# mit open courseware vs studying at a uni



## huggoo (Jan 20, 2012)

hi Guys,

First of all, please accept my congratulations on a great forum made. Really helpful for people migrating to Au.

My aussie wife and I are migrating soon to Au, depending on when my partner visa gets approved. I work as an r&d engineer in the netherlands and want to study further in engineering / business to gain more knowledge. While we've only been married 2.5 years, I dont expect to get a pr straight away. This means that I would have to fork out 30k aud to study a year. 

Im considering whether its worth spending 30k aud to study for a year versus learning from a free online source e.g. open courseware from mit. Doing a degree does not garauntee that doors will open during a job search.

pros of following an online free source like open courseware / your own books instead of being enrolled at a university: 
1. you can explore what areas you are interested in without the initial financial investment.
2. you can literally create your own study plan without any constraints, finishing when you want.

Cons of following an online source instead of being enrolled at a university:
1. if you need some help in understanding content, it might be difficult to get hold of an expert.

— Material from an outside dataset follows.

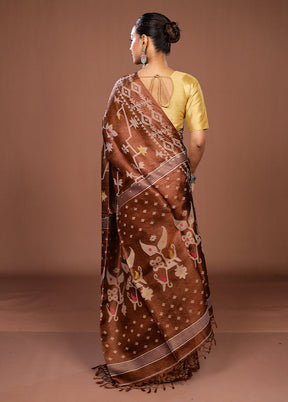 Multicolor Handloom Tussar Pure Silk Saree With Blouse Piece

Study groups in ocw seems to be not bad in asking questions online though.
2. there is no paper qualification, which may be to your disadvantage when looking for a job. (Although as an employer I would like to think that studying on your own shows more initiative and discipline on your part).

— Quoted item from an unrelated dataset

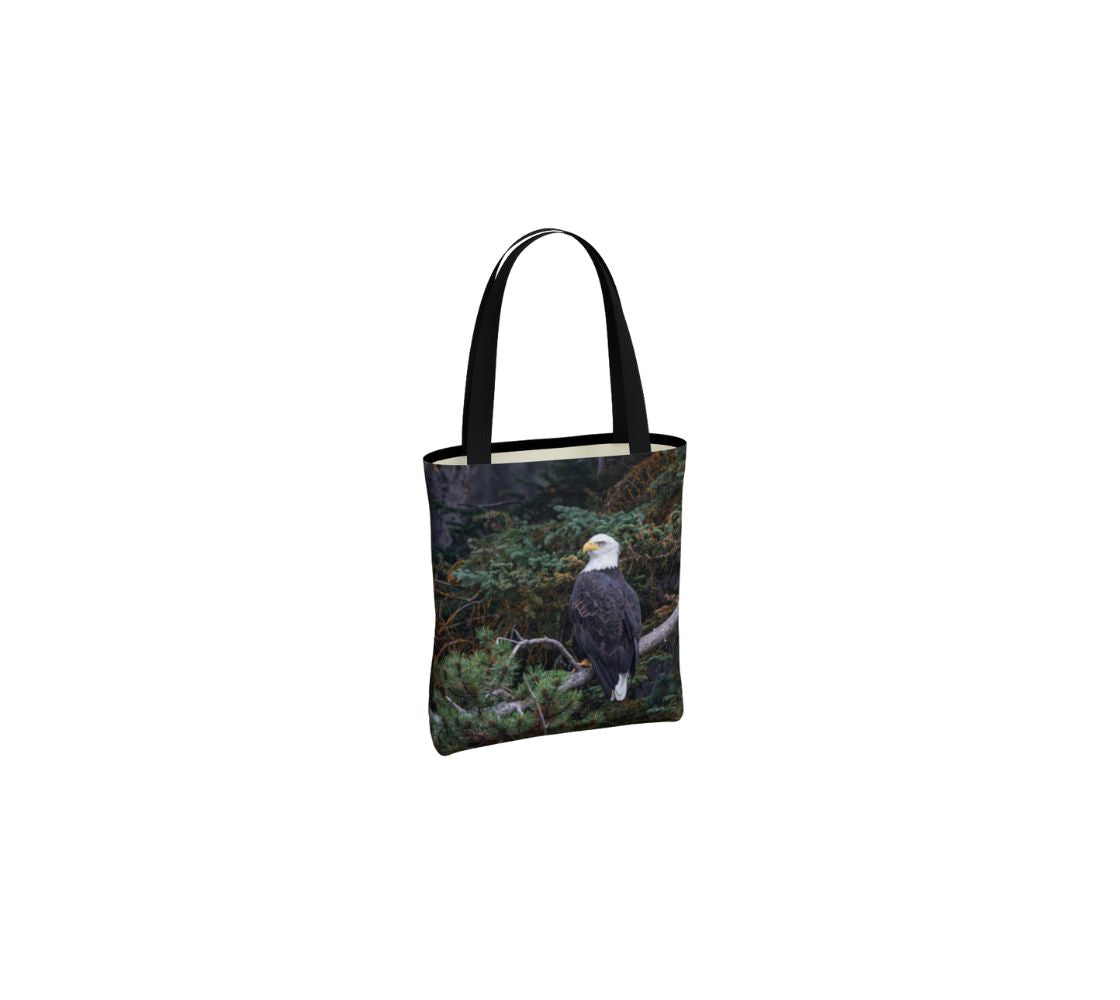 A bald eagle medium tote bag from our real wildlife photography.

While I would happily study for free, the reality of life is that we have to earn to put bread on the table!  Im inclined to think now that it may be better for a person thinking of studying to do some initial exploration (if he / she is not sure of what to study) online during the first few months in australia. A degree, in my opinion, should be committed to, once it is clear that one is definitely interested in that area and there are clear prospects in australia for a graduate in that field. 

Im very curious to know what you guys would do / are planning to do?


----------